Glossing is a Glorious Thing: The Past, Present, and Future of Commentary
The Graduate Center, City University of New York
April 9-10, 2009
The Future of Commentary, a roundtable discussion with:
David Greetham (CUNY)
Hans Ulrich Gumbrecht (Stanford)
Jesús Rodríguez Velasco (Columbia)
The Graduate Center and the Ph.D. Program in English, CUNY
Glossator: Practice and Theory of the Commentary (http://glossator.org)
CALL FOR PAPERS
Il y a plus affaire ŕ interpreter les interpretations qu'ŕ interpreter les choses, et plus de livres sur les livres que sur autre subject: nous ne faisons que nous entregloser. Tout fourmille de commentaires; d'auteurs, il en est grand cherté—Montaigne
[There is more to-do interpreting interpretations than interpreting things, more books on books than on any other subject: we do nothing except gloss each other. Everything swarms with commentaries; of authors there is a great lack].
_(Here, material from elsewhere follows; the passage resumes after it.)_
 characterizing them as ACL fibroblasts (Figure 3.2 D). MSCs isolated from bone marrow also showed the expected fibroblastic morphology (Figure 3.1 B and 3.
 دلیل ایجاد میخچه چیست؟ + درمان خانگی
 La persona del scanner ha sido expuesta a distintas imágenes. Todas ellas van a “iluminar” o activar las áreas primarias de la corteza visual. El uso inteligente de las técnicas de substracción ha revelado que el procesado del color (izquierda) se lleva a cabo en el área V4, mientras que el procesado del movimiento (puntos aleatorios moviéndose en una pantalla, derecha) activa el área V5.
Montaigne’s critique, which does not exclude his own Essais, is emblematic of the ambivalent status of commentary in modernity. Commentary is both an outmoded form of textual production tied to premodern constructions of authority and an indispensable dimension of scholarly work. This ambivalence is most conspicuous within the humanities where the commentary genre, like a popolo minuto of the academic city-state, holds an explicitly subordinate position beneath the monograph, the article, and the essay, however much, and maybe all the more so when, work of these kinds is constituted by commentarial procedures.
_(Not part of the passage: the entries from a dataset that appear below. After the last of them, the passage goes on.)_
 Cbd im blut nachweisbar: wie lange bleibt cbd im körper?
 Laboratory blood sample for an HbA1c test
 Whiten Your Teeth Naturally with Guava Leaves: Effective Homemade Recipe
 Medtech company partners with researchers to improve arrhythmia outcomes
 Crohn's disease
But there are clear signs, both intellectual and technological, of return to and reinvention of commentary. Several humanistic auctores of the last century have worked innovatively within the genre: Walter Benjamin’s Arcades Project, Martin Heidegger’s lectures on Hölderlin’s “Der Ister,” Roland Barthes’s, S/Z, Jacques Derrida’s Glas, Luce Irigaray’s An Ethics of Sexual Difference, J.H. Prynne’s They That Haue Powre to Hurt; A Specimen of a Commentary on Shake-speares Sonnets, 94, and Giorgio Agamben’s The Time that Remains: A Commentary on the Letter to the Romans, et al. In The Powers of Philology, Hans Ulrich Gumbrecht has described the material situation in which commentary may become ascendant: “The vision of the empty chip constitutes a threat, a veritable horror vacui not only for the electronic media industry but also, I suppose, for our intellectual and cultural self-appreciation. It might promote, once again, a reappreciation of the principle and substance of copia. And it might bring about a situation in which we will no longer be embarrassed to admit that filling up margins is what commentaries mostly do—and what they do best” (53).
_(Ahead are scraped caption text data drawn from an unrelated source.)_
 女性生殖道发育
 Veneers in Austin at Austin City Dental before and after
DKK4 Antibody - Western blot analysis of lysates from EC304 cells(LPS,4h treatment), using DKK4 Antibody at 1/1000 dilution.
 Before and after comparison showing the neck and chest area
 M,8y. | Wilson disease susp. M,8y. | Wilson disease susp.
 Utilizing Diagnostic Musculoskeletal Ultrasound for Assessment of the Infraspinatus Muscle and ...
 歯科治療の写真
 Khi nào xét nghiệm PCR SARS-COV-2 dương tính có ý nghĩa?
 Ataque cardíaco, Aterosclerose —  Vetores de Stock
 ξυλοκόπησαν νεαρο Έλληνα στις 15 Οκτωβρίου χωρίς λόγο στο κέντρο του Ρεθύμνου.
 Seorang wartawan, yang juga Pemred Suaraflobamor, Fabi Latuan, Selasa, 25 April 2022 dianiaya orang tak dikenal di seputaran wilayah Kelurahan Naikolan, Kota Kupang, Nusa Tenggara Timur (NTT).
This conference proposes a dialogue about the past, present, and future of commentary, not only as an object of intellectual and theoretical inquiry, but also with regard to commentary’s practical potentialities, to its place within the evolution and becoming of academic labor in the lived present. The prospect of a “return” to commentary, whatever forms it may take, renders conspicuous and questionable some of the most hallowed and taken-for-granted assumptions about the nature of scholarly practice, for instance: the distinction between primary and secondary text; the primacy of noesis over poesis, or thinking over making; the synthetic, thesis-driven, and polemical character of understanding; and so forth. Presentations that engage with such implications are particularly welcome. Please submit 250-word abstracts by October 1, 2008 to email@example.com. Word attachments preferred.
Organizers: Nicola Masciandaro (firstname.lastname@example.org), Karl Steel (email@example.com), Ryan Dobran (firstname.lastname@example.org)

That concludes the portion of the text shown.